**** RAW DATA ****

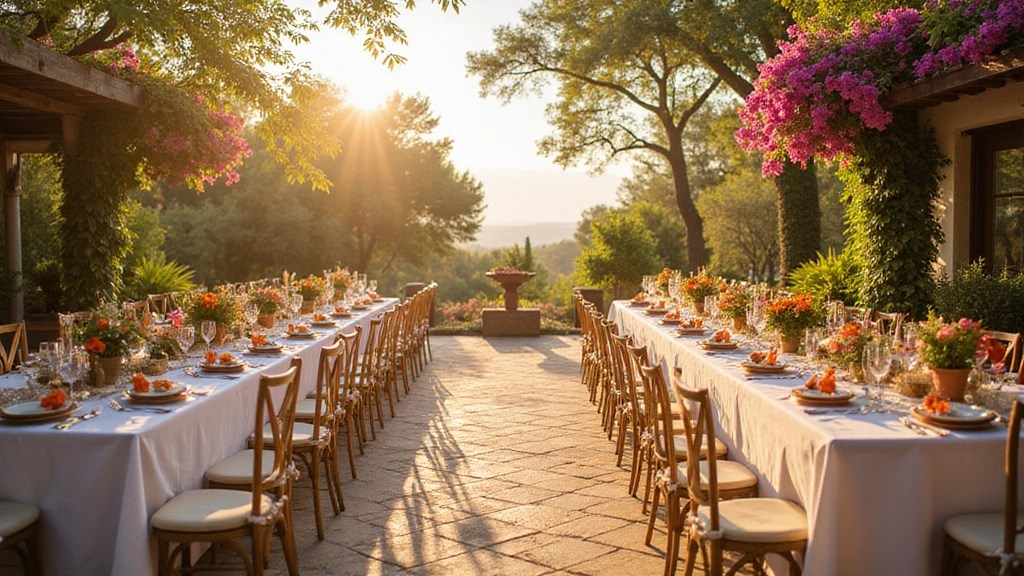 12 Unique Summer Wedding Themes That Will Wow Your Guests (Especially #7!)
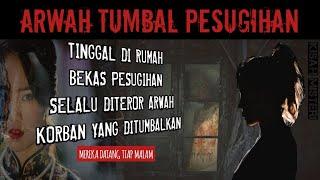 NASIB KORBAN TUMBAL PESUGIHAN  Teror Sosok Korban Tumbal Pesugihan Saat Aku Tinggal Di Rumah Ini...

****
**** RAW DATA ****

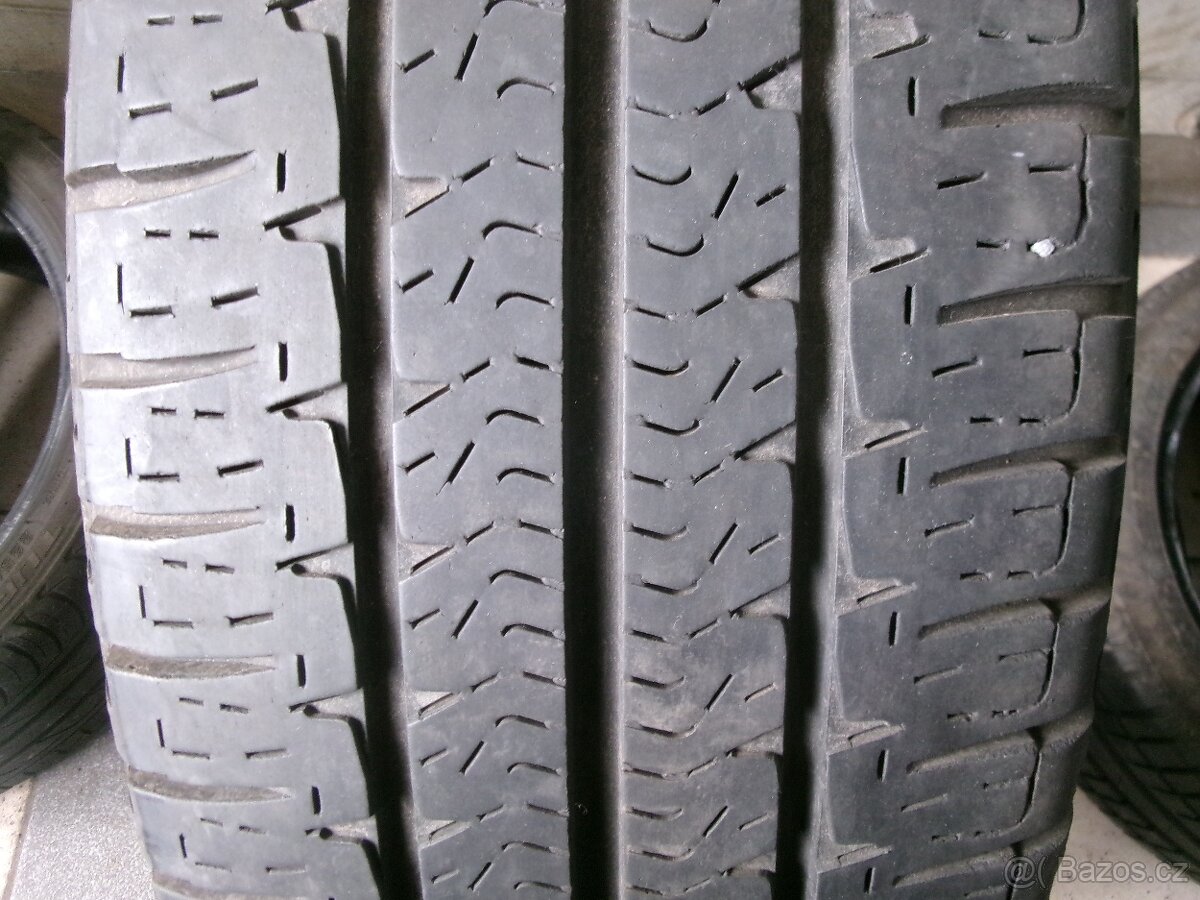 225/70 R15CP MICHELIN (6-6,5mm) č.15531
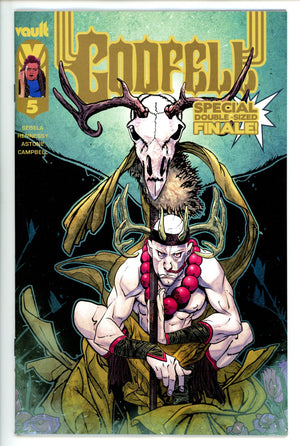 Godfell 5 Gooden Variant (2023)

****

WHAT THE EXERCISE ASKS:
Leave out every picture, and copy exactly the lines above starting at the one holding "12 Unique Summer" and ending at the one holding "NASIB KORBAN TUMBAL", no more and no less.

SOLUTION TO THE EXERCISE:
 12 Unique Summer Wedding Themes That Will Wow Your Guests (Especially #7!)
 NASIB KORBAN TUMBAL PESUGIHAN  Teror Sosok Korban Tumbal Pesugihan Saat Aku Tinggal Di Rumah Ini...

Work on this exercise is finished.